7/10

Bubble

Un sobre Soderbergh

Ok monsieur Soderbergh, vous vouliez nous prouver qu'on peut faire du cinéma sans dépenser quelques millions en stars et effets spéciaux. Qu'une histoire simple et linéaire pouvait accrocher le spectateur autant que des scénarii tordus et à double lecture. Qu'une heure bien remplie en vaut largement autant que deux et demi de bavardage stérile. Que le fait que vous soyez le metteur en scène de blockbusters tels qu'Ocean's eleven, Traffic ne vous avait pas fait oublier que vous étiez en premier lieu en cinéaste "d'art et d'essais" : Sexe mensonge et vidéo vous valut la palme d'or de Cannes en 1989 (film tourné à 25 ans). Ok c'est plutôt réussi, mais je dois dire que ça a un léger parfum d'agaçant pour le commun des mortels.
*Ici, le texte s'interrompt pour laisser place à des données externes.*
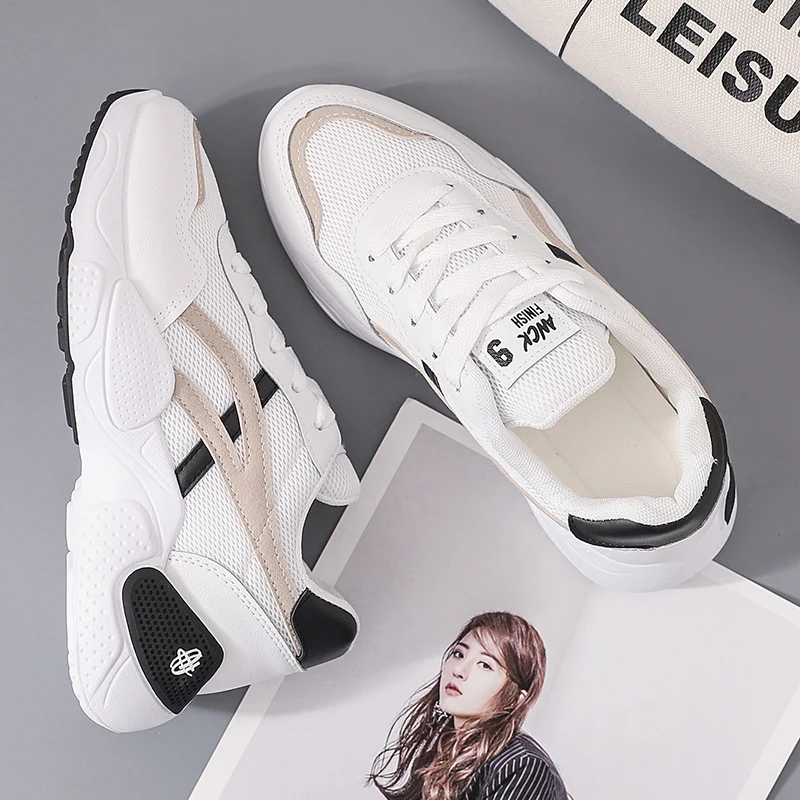 

2021 spring new Korean style versatile net red small white shoes casual breathable sports shoes for women and dad shoes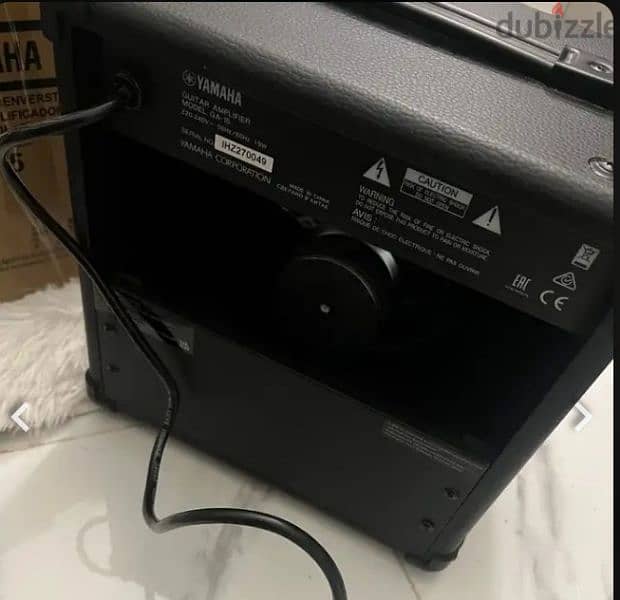 Yamaha GA15 Guitar Amp 1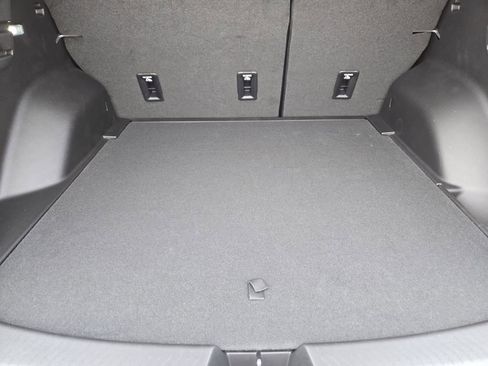 New 2026 Chevrolet Equinox EV LT AWD/4WD image 17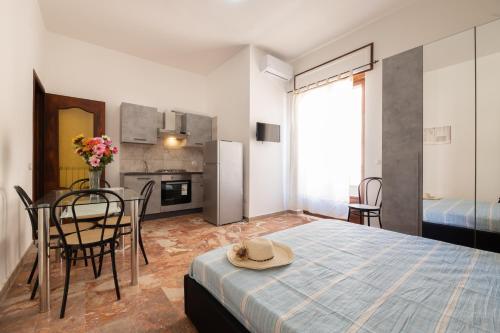ガリポリにあるAppartamenti Carpediem San Giovanniのベッド、テーブル、椅子が備わる客室です。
Bienvenue dans le trou du cul du milieu des États-Unis. Une petite ville où la pauvreté est autant économique, qu'intellectuelle et affective. Les perspectives d'avenir y sont comme les industries du coin : elles baissent le rideau les unes après les autres. Kyle, un tout jeune adulte travaille avec Martha dans une usine de poupées. Ils sont amis, par défaut pourrait on dire. Une nouvelle employée, Rose, va venir bouleverser cet équilibre.

Bubble est un film fulgurant dans la forme et le fond : une petite heure et quart sans temps mort et une tempête cachée derrière une vie bien rangée. Avec très peu de moyens, Soderbergh arrive à traiter un nombre incroyable de thèmes. Il s'agit en fait d'une analyse impitoyable de la vie des États-Unis d'en bas : des multiples jobs qui assurent plus une survie qu'une vie en passant par l'absence totale de perspectives intellectuelles, sentimentales, c'est toute l'horreur de ces vies vides de sens qui est peinte. Le pinacle de l'horreur est atteint lors d'une conversation où Martha demande à Kyle ce qu'il va faire des 50 $ (40 €) de primes qu'ils vont toucher. Ils en parlent comme s'ils avaient gagné le jackpot d'Euro-millions.

Bubble est aussi une étude de moeurs particulièrement réussie. On y voit bien comment les relations sociales sont aux US formatées à l'extrêmes et finissent par ne plus correspondre en rien à la réalité. Les personnages, à part Rose semblent ne pas avoir de sentiments. Ils sont comme cadenassés dans des tournures de phrases, des formules de politesses : enfermés dans leurs vies comme dans leurs esprits. Pour moi c'est tout l'inverse d'Oskar Schindler qui rit fort, boit, trompe sa femme, bref affiche tous les vices du monde. Chacun son masque, chacun sa vérité...

Soderbergh passe avec brio son examen de sobriété. Je ne dirais pas que Bubble est un film culte. Il s'agit juste d'un bon film, bien fait. Il ne faut pas vous attendre à une révélation transcendante mais à un bon moment, et ce qui est assez rare au cinéma, un moment intelligent.